This is according to a new multi-country survey which reveals stark disparities in attitudes about future world order.
A majority of South Africans still see the United States or countries in the European Union (EU) as places they would like to live, while a majority also feel they would like to see China playing a greater role in the economy of this country.
This is according to a new multi-country survey for the European Council on Foreign Relations (ECFR), which reveals stark disparities in attitudes about future world order.

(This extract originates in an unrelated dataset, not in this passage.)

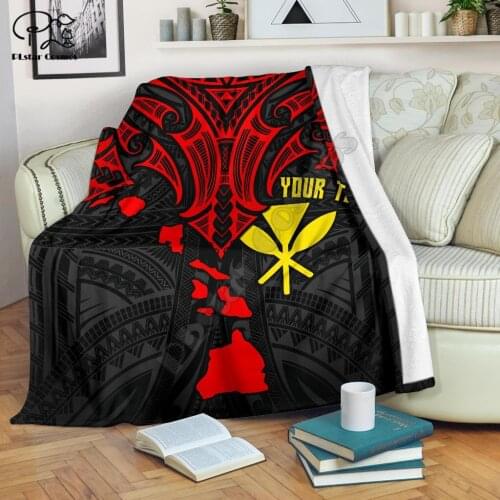 Hawaii Custom - Polynesian Whale Tail 3D printed Sherpa Blanket on Bed Home Textiles Dreamlike HOME ACCESSORIES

As many as 47% of American citizens are “pessimistic” about the future of their country, in contrast to the widespread optimism in emerging powers, including India (where 86% expressed optimism), Indonesia (74%), China (69%), Russia (54%) and Brazil (40%).
In SA, opinions on this matter are divided – with one-third optimistic (33%), another third pessimistic (34%), about the future of their country.
Globally, the appeal of the West – and its leadership and values – are still held in high regard. In almost every country surveyed, citizens have a preference to work with the US over China on a wide range of issues.
The single exception is on trade – where large numbers indicated a preference for greater collaborations with China than with the US.
This sentiment is strong in SA, with 60% of respondents expressing a preference for closer trade ties with China over the US. Large numbers of citizens, particularly in middle and emerging powers, are warm to the idea of greater Chinese economic activity in their country – with this view most pronounced in Russia (74% of respondents), Saudi Arabia (60%), Indonesia (53%) and Turkey (50%).
However, on security, the picture is different, with many leaning towards the leadership of the US; and, as a preferred place to live, to Europe.
The poll also shows four in 10 respondents, outside Europe, believe the EU will fall apart in the next 20 years – with many appearing to tie its fate to the outcome of the Russia-Ukraine war.
South Africans are divided on this subject, with 40% considering the EU likely to fall apart against 50% thinking it unlikely.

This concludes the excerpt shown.